Available records Block Start

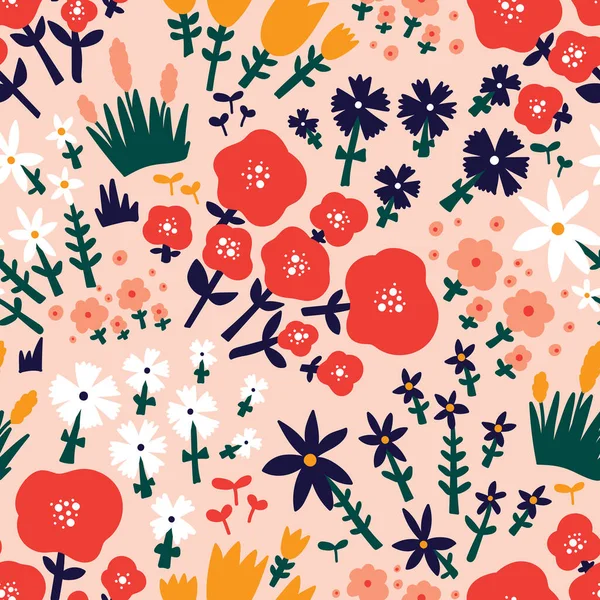 Niedliches Florales Nahtloses Muster Mit Frühlingsblume Vintage Blumen Illustration Vorlage — Stockvektor
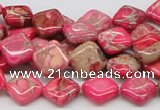 CDE16 15.5 inches 10*10mm diamond dyed sea sediment jasper beads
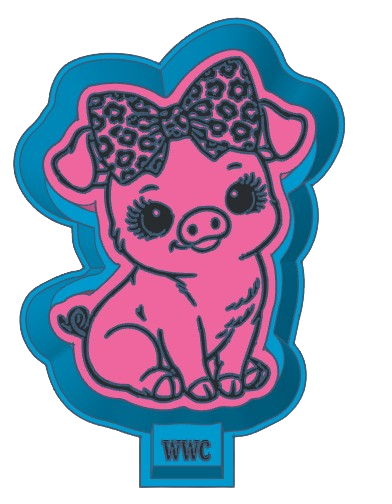 Cute Pig W Bow Silicone Freshie Mold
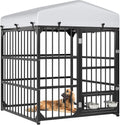 Outdoor Dog Enclosure with Rotating Feeder Bowls - Secure 4x4 ft Run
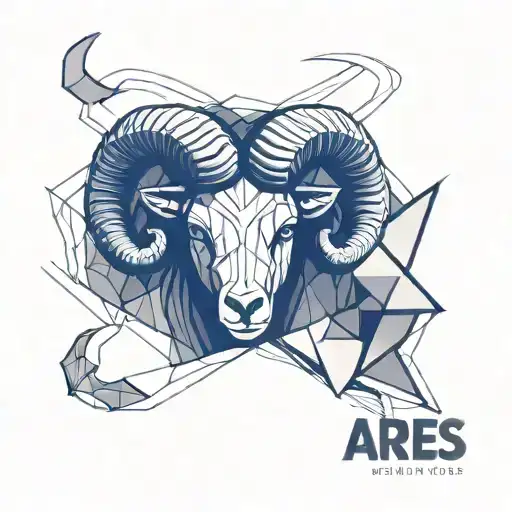 Aries in left realistic and right geometric style tattoo design idea
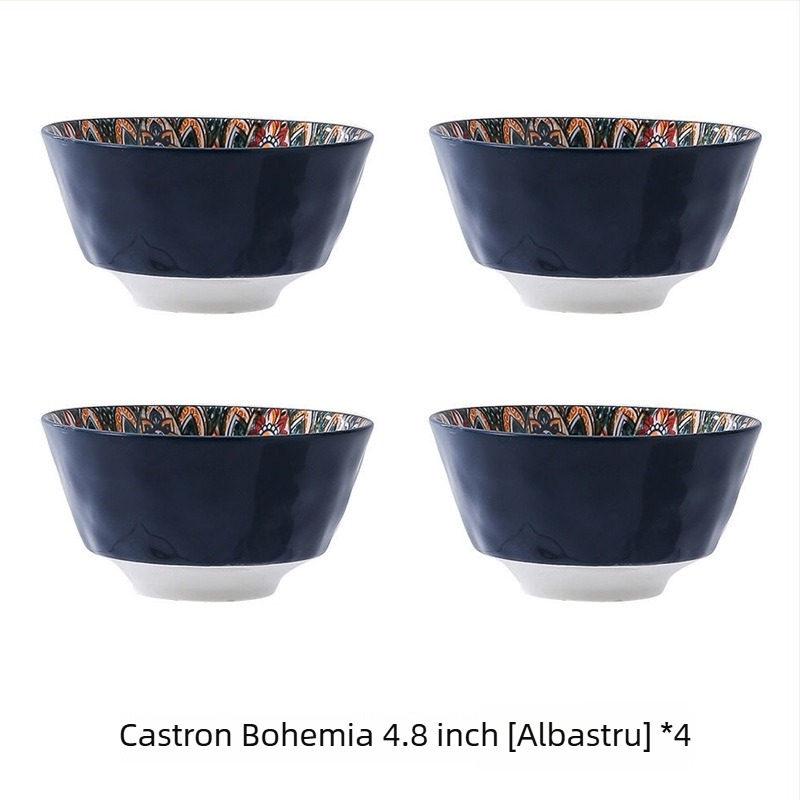 Bol de porțelan Boem cu model floral sub glazură, compatibil cu microunde, formă rotundă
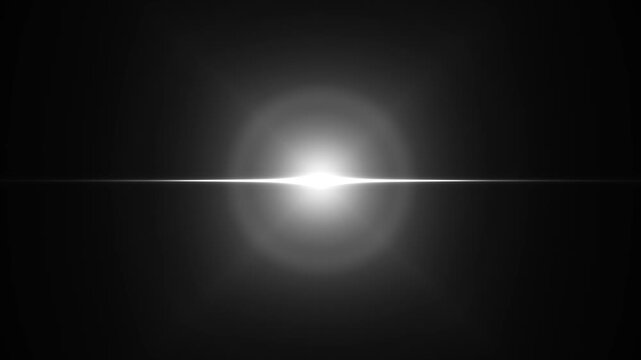 Horizontal Light Beam or lens flare Flash Animation on Black Background Cinematic Energy Line Motion Graphic for Sci Fi and Light Effects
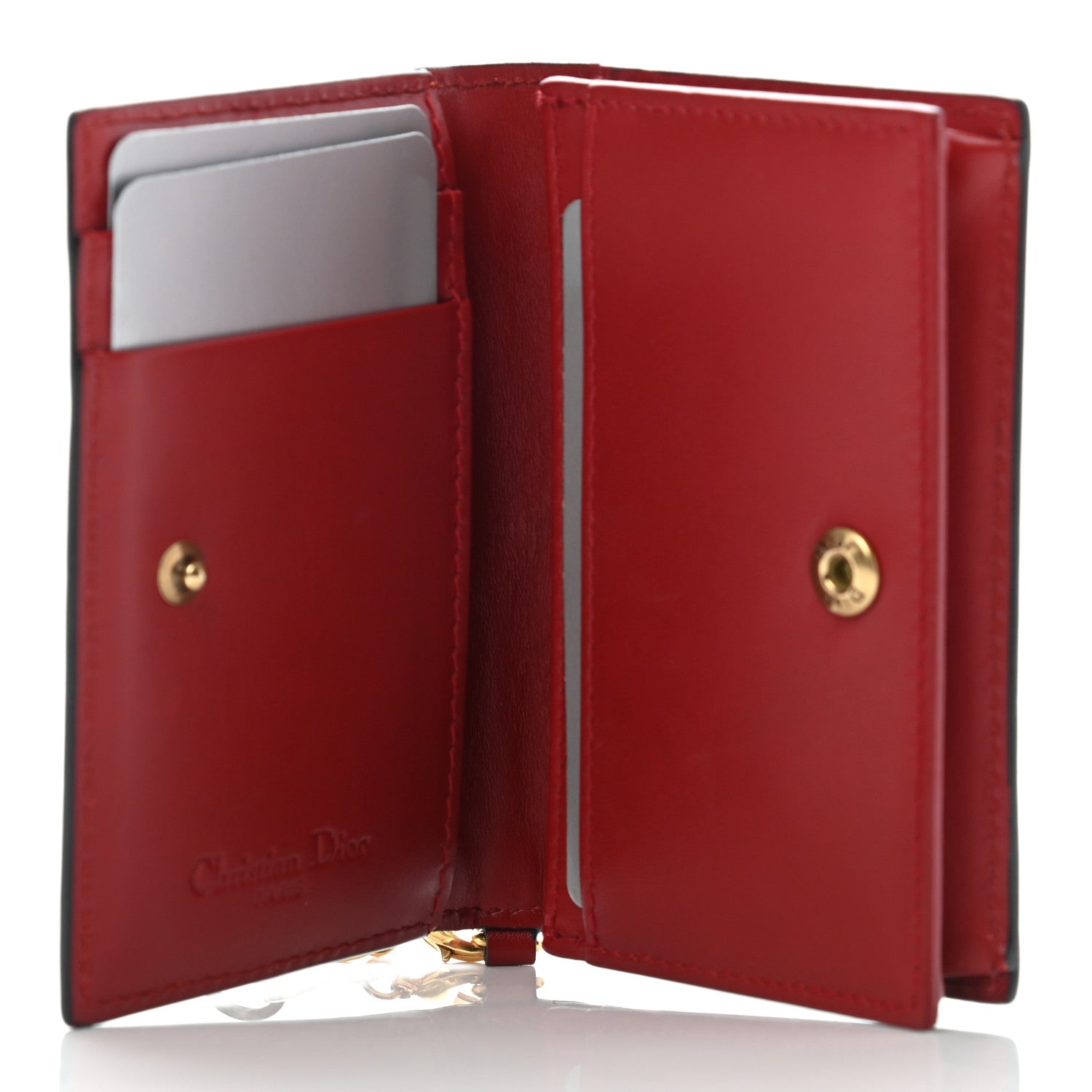 Christian Dior Lambskin Cannage Studded Lady Dior Card Holder Deep Red 5 of 15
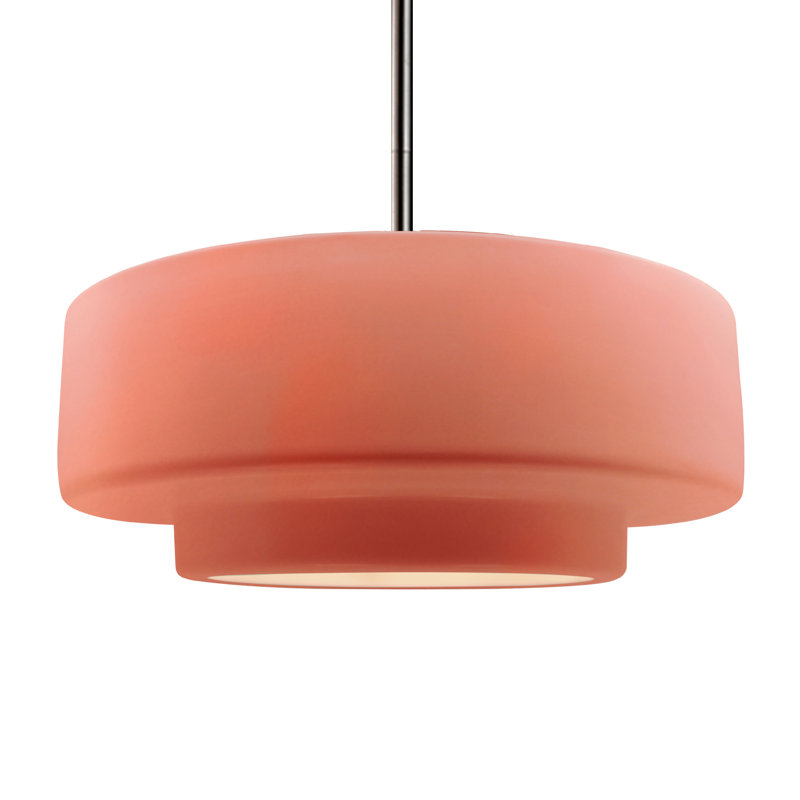 Luminaire suspendu à 1 lumière Meydan, Rosé brillant, H 6 po x l 16,25 po x P 16,25 po, Nickel brossé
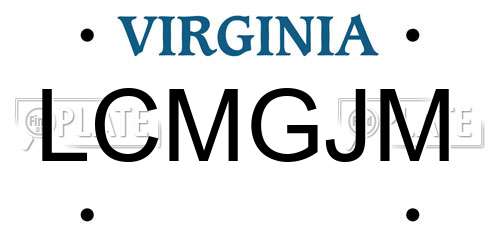 LCMGJM Virginia License Plate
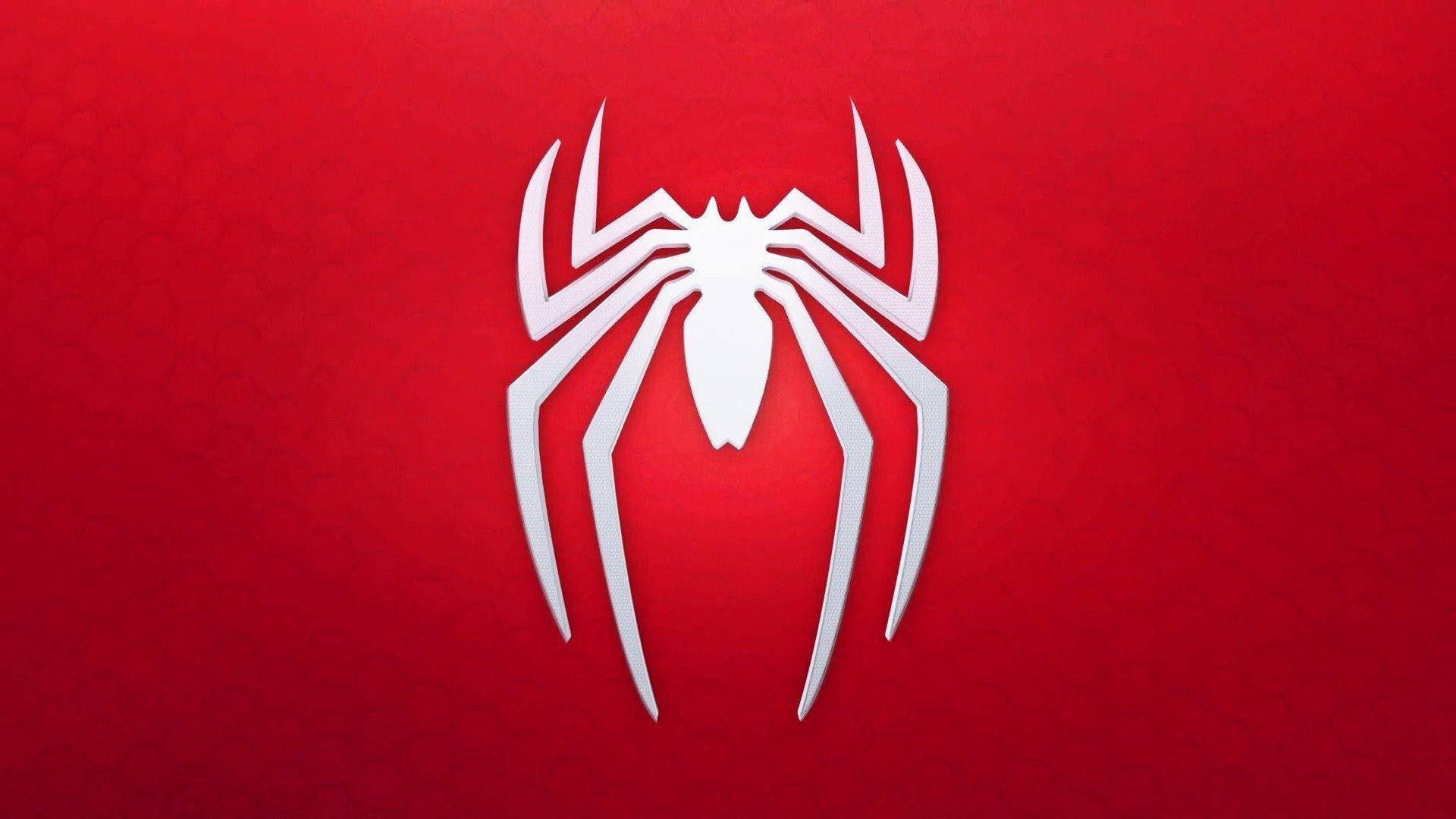Spiderman Vit Logga Röd Skrivbord Wallpaper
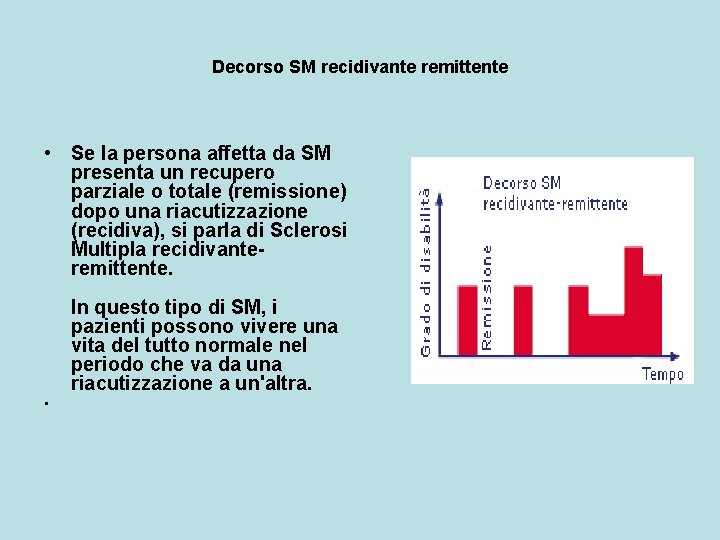 Decorso SM recidivante remittente • Se la persona affetta da SM presenta un recupero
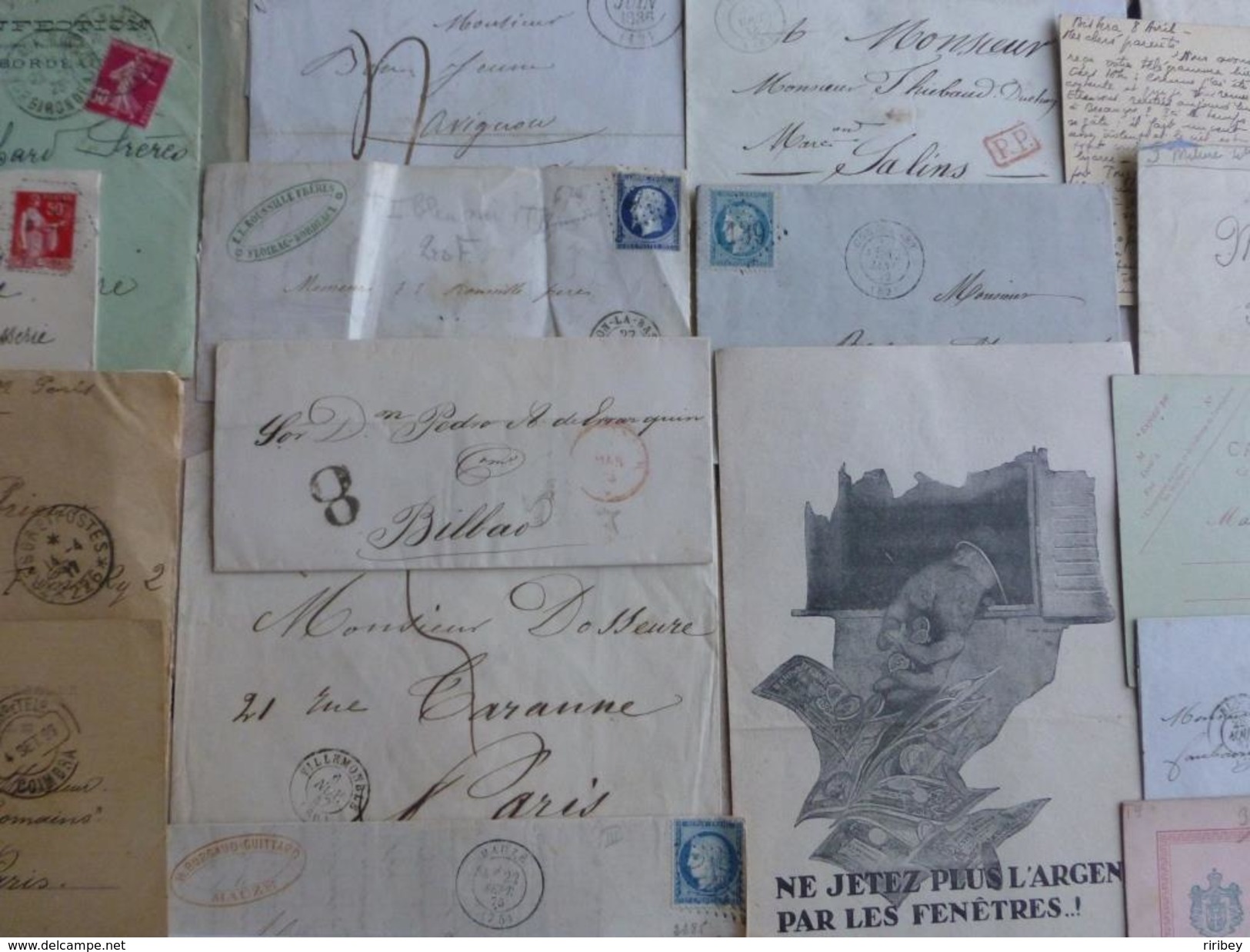 ### LOT LETTRES ET MARQUES POSTALES ###   XVIII -> XX ème - 13 scans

Available records Block End

Required work
Give the entries above again word for word, without any pictures.

Your solution
 Niedliches Florales Nahtloses Muster Mit Frühlingsblume Vintage Blumen Illustration Vorlage — Stockvektor
 CDE16 15.5 inches 10*10mm diamond dyed sea sediment jasper beads
 Cute Pig W Bow Silicone Freshie Mold
 Outdoor Dog Enclosure with Rotating Feeder Bowls - Secure 4x4 ft Run
 Aries in left realistic and right geometric style tattoo design idea
 Bol de porțelan Boem cu model floral sub glazură, compatibil cu microunde, formă rotundă
 Horizontal Light Beam or lens flare Flash Animation on Black Background Cinematic Energy Line Motion Graphic for Sci Fi and Light Effects
 Christian Dior Lambskin Cannage Studded Lady Dior Card Holder Deep Red 5 of 15
 Luminaire suspendu à 1 lumière Meydan, Rosé brillant, H 6 po x l 16,25 po x P 16,25 po, Nickel brossé
 LCMGJM Virginia License Plate
Spiderman Vit Logga Röd Skrivbord Wallpaper
 Decorso SM recidivante remittente • Se la persona affetta da SM presenta un recupero
 ### LOT LETTRES ET MARQUES POSTALES ###   XVIII -> XX ème - 13 scans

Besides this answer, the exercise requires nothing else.